HOW TO COMPLETE THIS TASK:
Output only the entries, exactly as given, without the pictures.

━━━ RECORDS PROVIDED

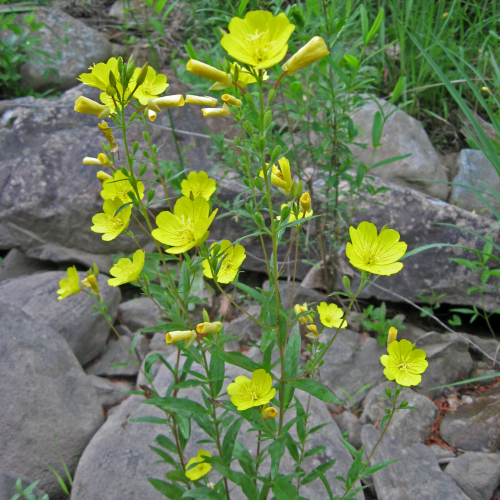 OENOTHERA (druhy) kont P9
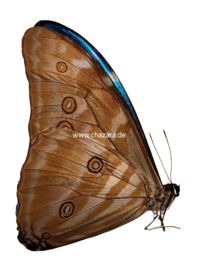 Morpho Adonis A1/A1-/A per stuk ongeprepareerd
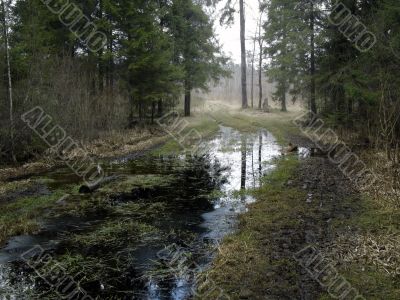 Spring forest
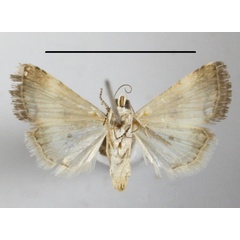 /filer/webapps/moths/media/images/M/morosa_Pseudozarba_A_MGCLb_01.JPG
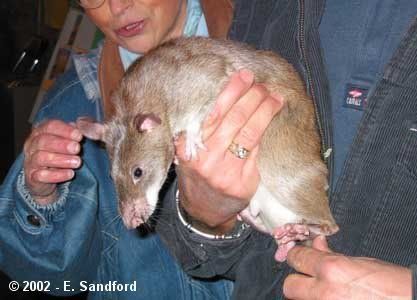 Giant Gambian Rat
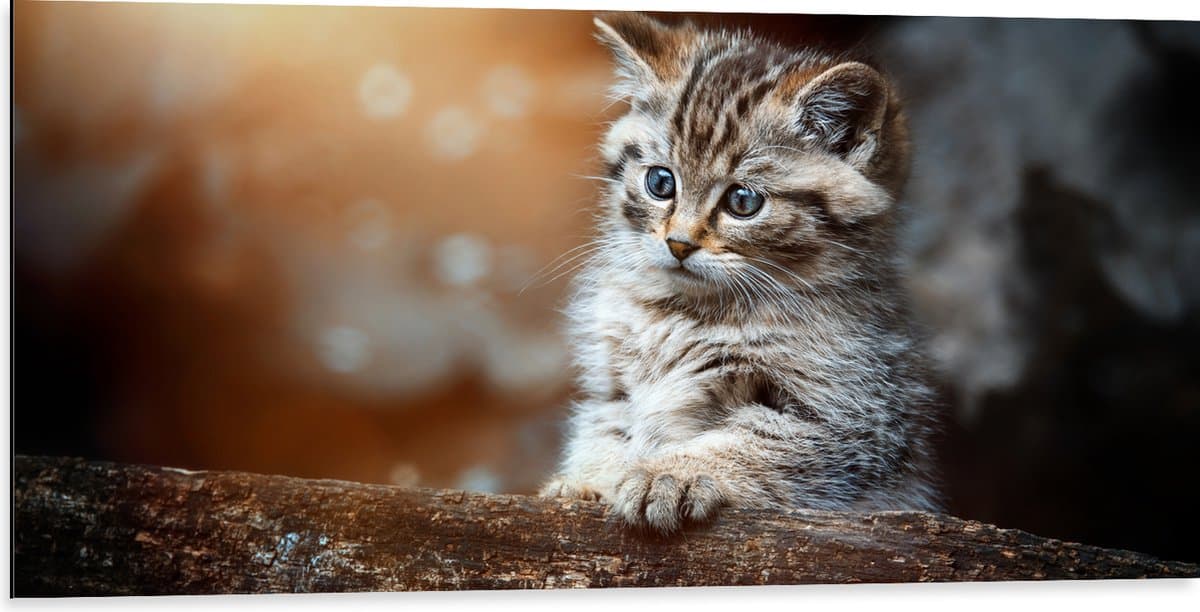 Dibond - Gestreepte Kitten achter een Boomstam - 100x50 cm Foto op Aluminium (Met Ophangsysteem)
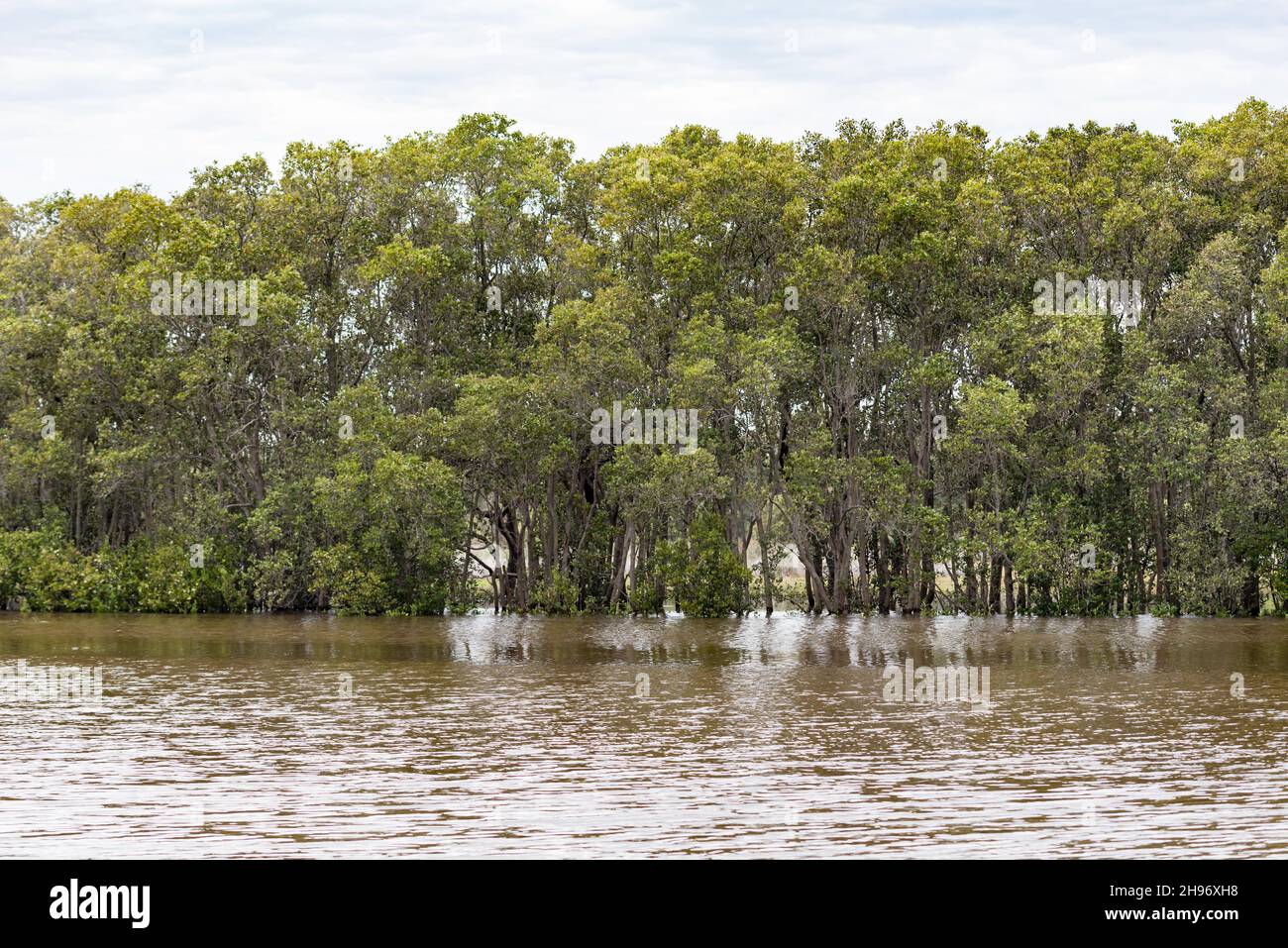 Alberi di mangrovie grigie (Avicennia marina varietà australasica) in alta marea sul fiume Lower Hunter vicino Hexham, Newcastle, nuovo Galles del Sud, Australia Foto Stock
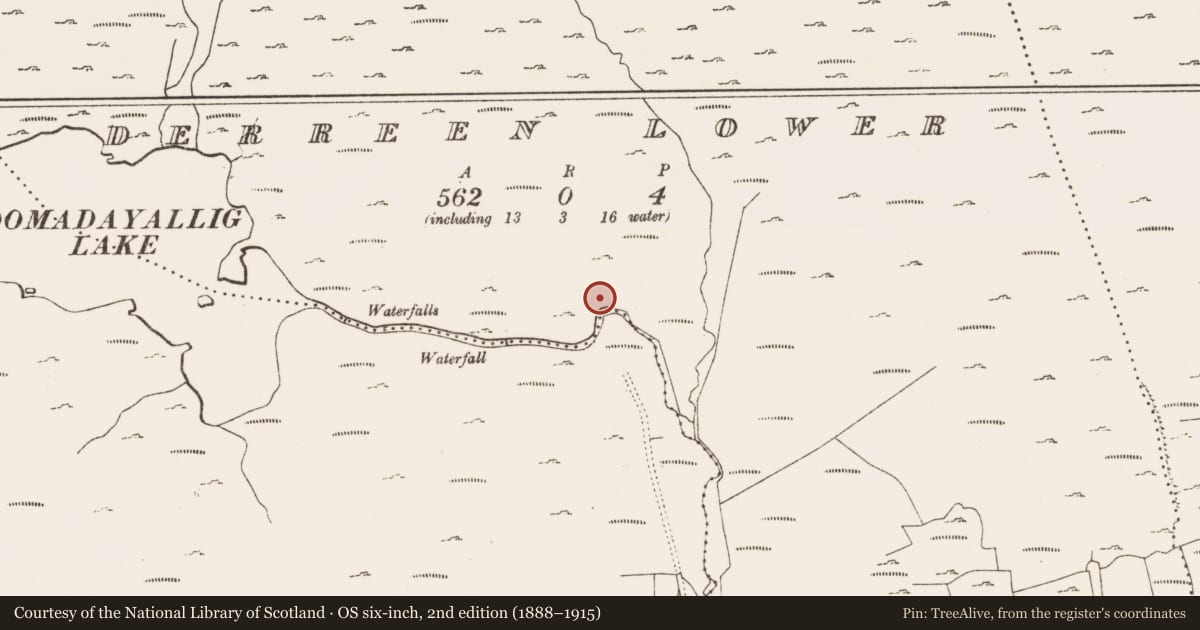 Ordnance Survey six-inch map, 2nd edition (1888–1915) covering the location of Enclosure, Derreen Lower, County Cork, with a pin at the register's coordinates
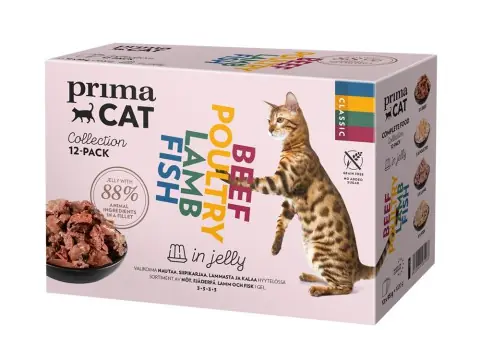 Finns i lager | Våtfoder Multipack i Gelé för Katt - 12 x 85 g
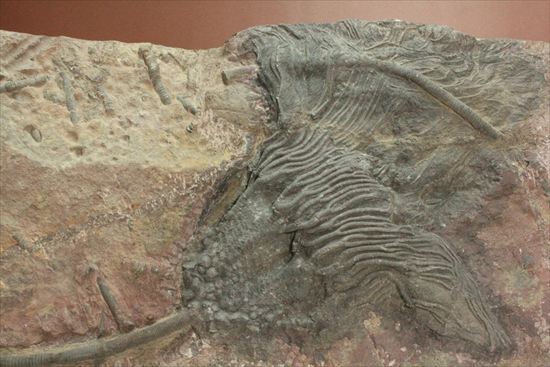 最大長さ38ｃｍ！スケールの大きな、大型ウミユリ化石（その2）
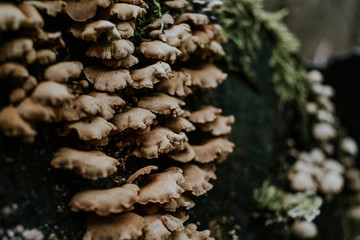 Wood mushrooms on tree, found in the forest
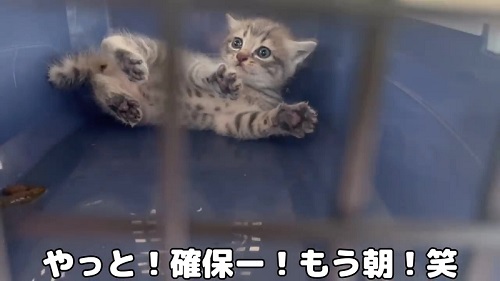 捕獲した子猫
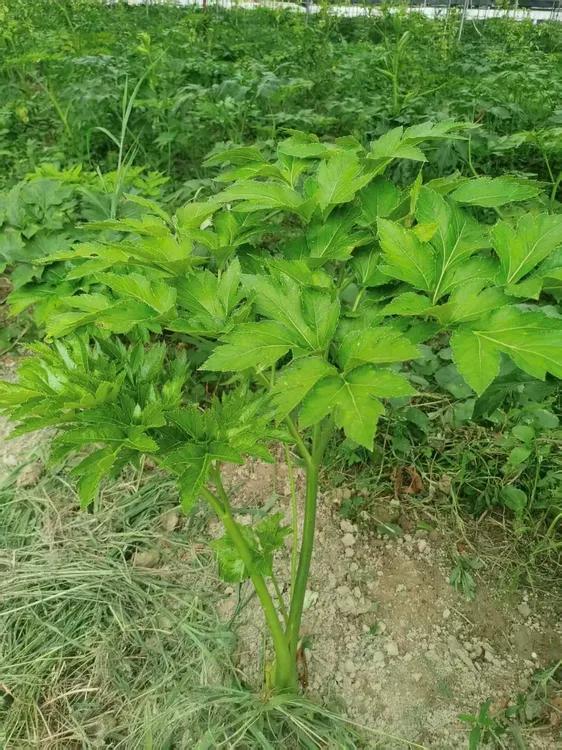 咸草露天种植茎茶正品当季无熏硫新货烘干长寿草神仙草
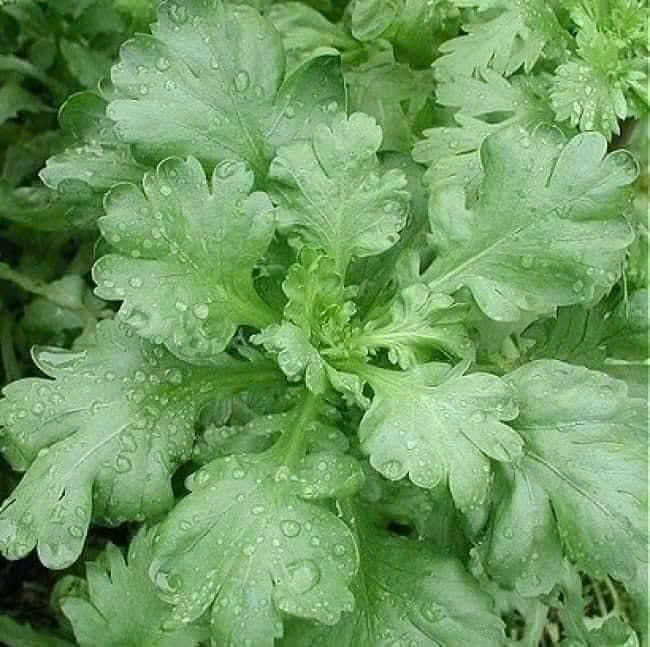 Hạt giống rau Cải cúc nếp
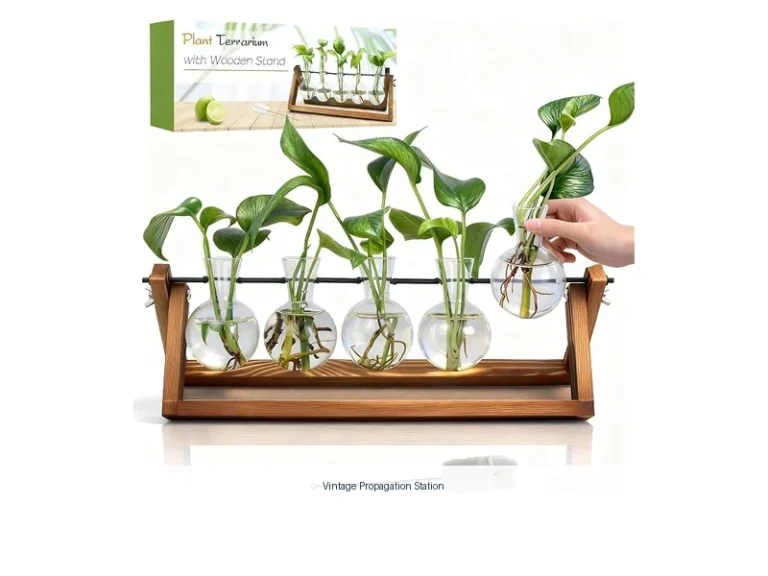 vintage propagation station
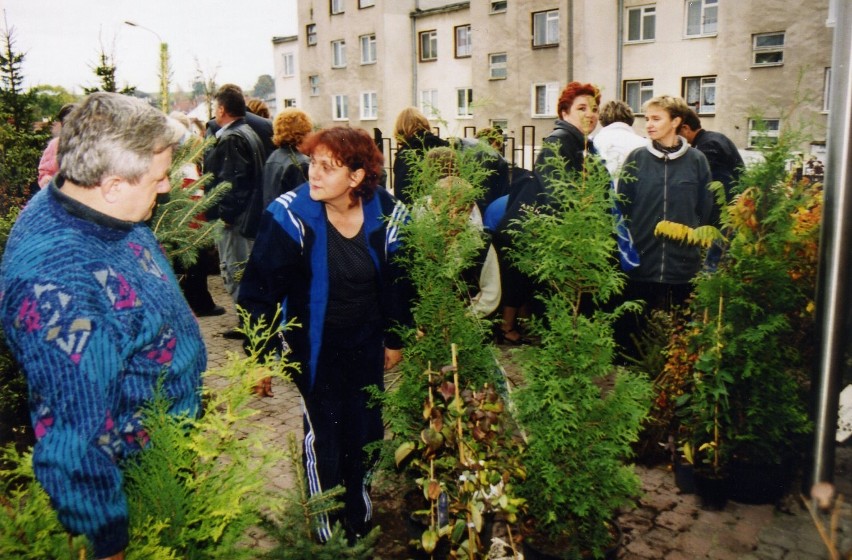 Akcja "Drzewko za makulaturę" w Dzierzgoniu w 2001 roku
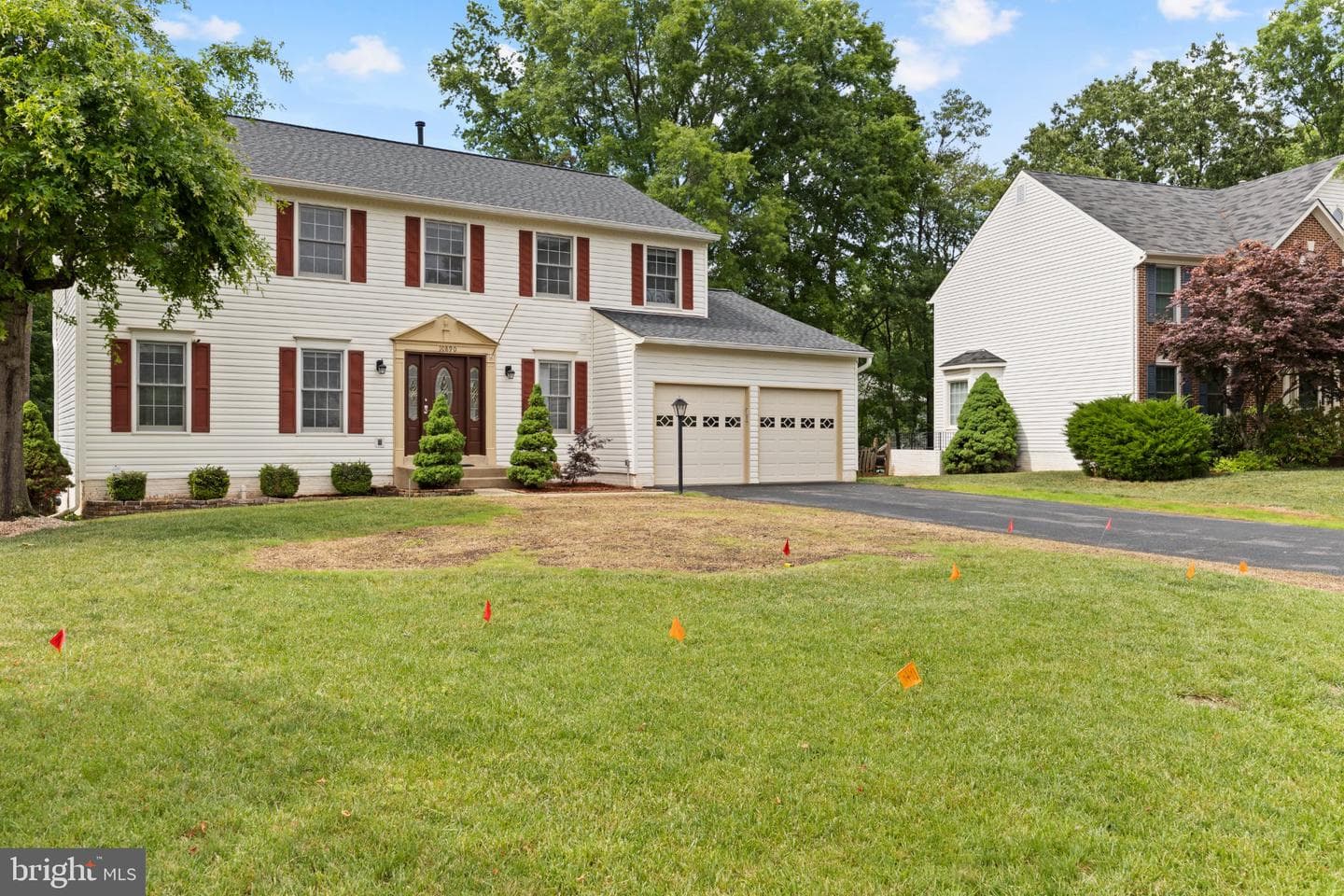 10890 Pennycress Street photo 2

━━━━━━

SOLVED PROBLEM:
 OENOTHERA (druhy) kont P9
 Morpho Adonis A1/A1-/A per stuk ongeprepareerd
 Spring forest
 /filer/webapps/moths/media/images/M/morosa_Pseudozarba_A_MGCLb_01.JPG
 Giant Gambian Rat
 Dibond - Gestreepte Kitten achter een Boomstam - 100x50 cm Foto op Aluminium (Met Ophangsysteem)
 Alberi di mangrovie grigie (Avicennia marina varietà australasica) in alta marea sul fiume Lower Hunter vicino Hexham, Newcastle, nuovo Galles del Sud, Australia Foto Stock
 Ordnance Survey six-inch map, 2nd edition (1888–1915) covering the location of Enclosure, Derreen Lower, County Cork, with a pin at the register's coordinates
 Finns i lager | Våtfoder Multipack i Gelé för Katt - 12 x 85 g
 最大長さ38ｃｍ！スケールの大きな、大型ウミユリ化石（その2）
 Wood mushrooms on tree, found in the forest
 捕獲した子猫
 咸草露天种植茎茶正品当季无熏硫新货烘干长寿草神仙草
 Hạt giống rau Cải cúc nếp
 vintage propagation station
 Akcja "Drzewko za makulaturę" w Dzierzgoniu w 2001 roku
 10890 Pennycress Street photo 2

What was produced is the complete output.